We know that most churches hold a wrong answer to the question, “What is God like concerning abuse in marriage?”, so according to the above quote, where does that really leave us?
1[April 11, 2023: We added the link to a page containing the quote Anonymous quoted. The Internet Archive link is a copy of that page. Editors.]
You nailed it, Anonymous! Good spot. Where that leaves us is that many churches are worshiping a false god / idol. Oh, and this idol requires sacrifices. Victim sacrifices. Ongoing victim sacrifices.
Jeff C wrote:
Oh Jeff, this is SO TRUE and knowing what I do now, I wonder how many of these people who had visions were actually psychopaths. They sound like they ALL were which is sadly typical and horrific.
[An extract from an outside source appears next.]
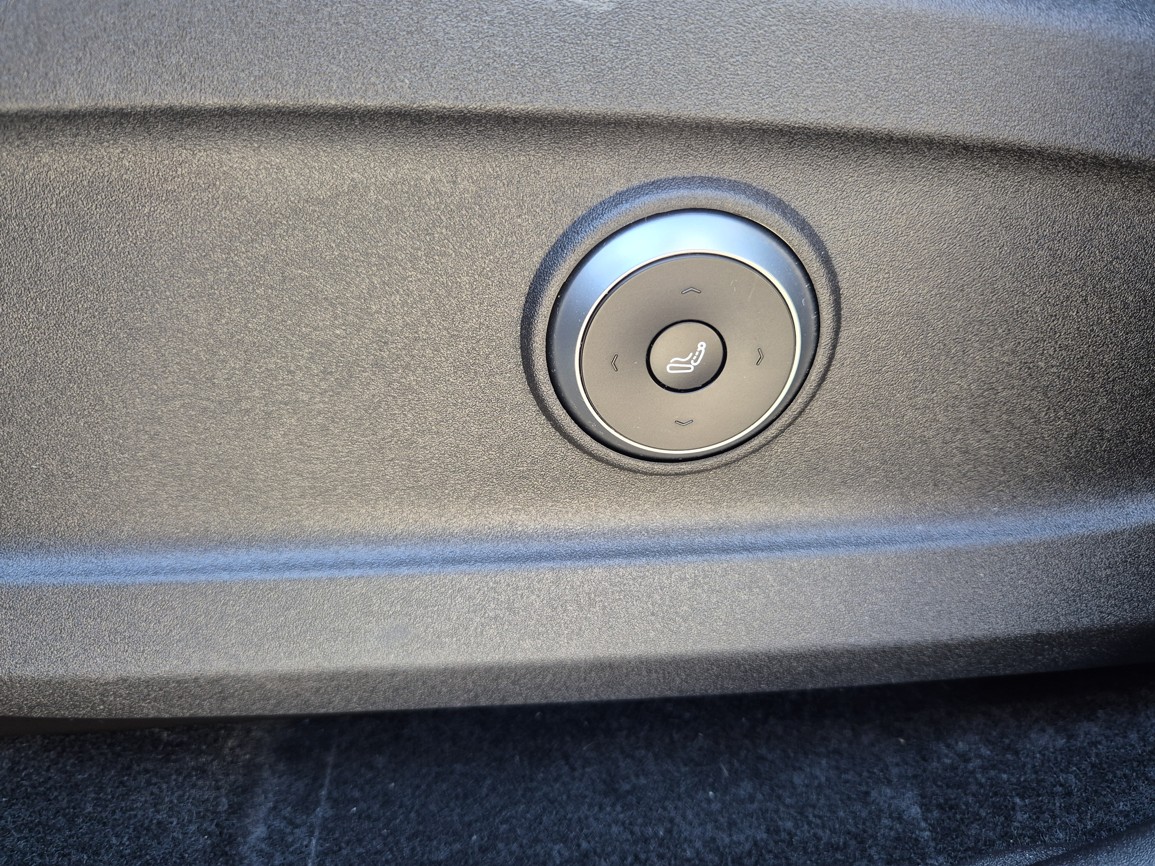 Omoda 9 SHS 9 PHEV [AWD] Premium - Obsidian Jade & Matt blac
That people have followed these men (and women — Mary Baker Eddy) — all the way to hell, REALLY BELIEVING that they would make it to heaven, or to their planet or whatever other reward they were promised.
It’s what you stated — these visionaries went ABOVE AND BEYOND what Scripture said, added to it, took away some of it, highlighted some areas and dismissed or took out complete sections of God’s word.
How many of us are alive because our families belonged to one of these religions that promoted giving birth to unlimited amounts of children, even though the parents didn’t have the financial or emotional resources needed to care for and raise them? I was one of these children and I can assure you that there was not a drop of love in my life although I was told by others that my parents MUST love me (all of the children) or they wouldn’t have had so many of us. Lies and more lies. Psychopaths give birth to children every single day and they never love them because they only love themselves, yet these religions promote birth at all costs, for all people, forever. The individual person seems to have no value, it’s only the AMOUNT of children produced that matter.
When the Bible tells us that we will be against some of those who are close to us, this makes sense now that I know what I’m dealing with. I had no choice what family I was born into nor did I have a choice really in the children I gave birth to, and as far as my marriage, at the time I chose my spouse, I had no idea that some people have no conscience. Now that I know the reality of this, I can see that we have been opposed to each other from the day I gave my life to the Lord. It is no longer surprising, just sad that I was never told the truth about the evil that is written about in God’s word which was meant as a forewarning for His children. I was always told that I needed to be super careful to behave myself lest I become like one of those written about in 2 Timothy 3 or Romans 1:29 — I had no idea that this was a state of being for some people and that they loved what they were or that they would put on the APPEARANCE of a God-loving person all while being filled with evil.
Thank you for this post, I’m always glad to look at these original posts to see that you wrote the truth from the beginning and haven’t altered it and if anything, you have gotten stronger and more knowledgeable about the truth written about in God’s word. I pray God continues to bless you and those of us here with His truth through His word and in our lives — He never said that it would be easy but He did say that He would never leave us — He hasn’t.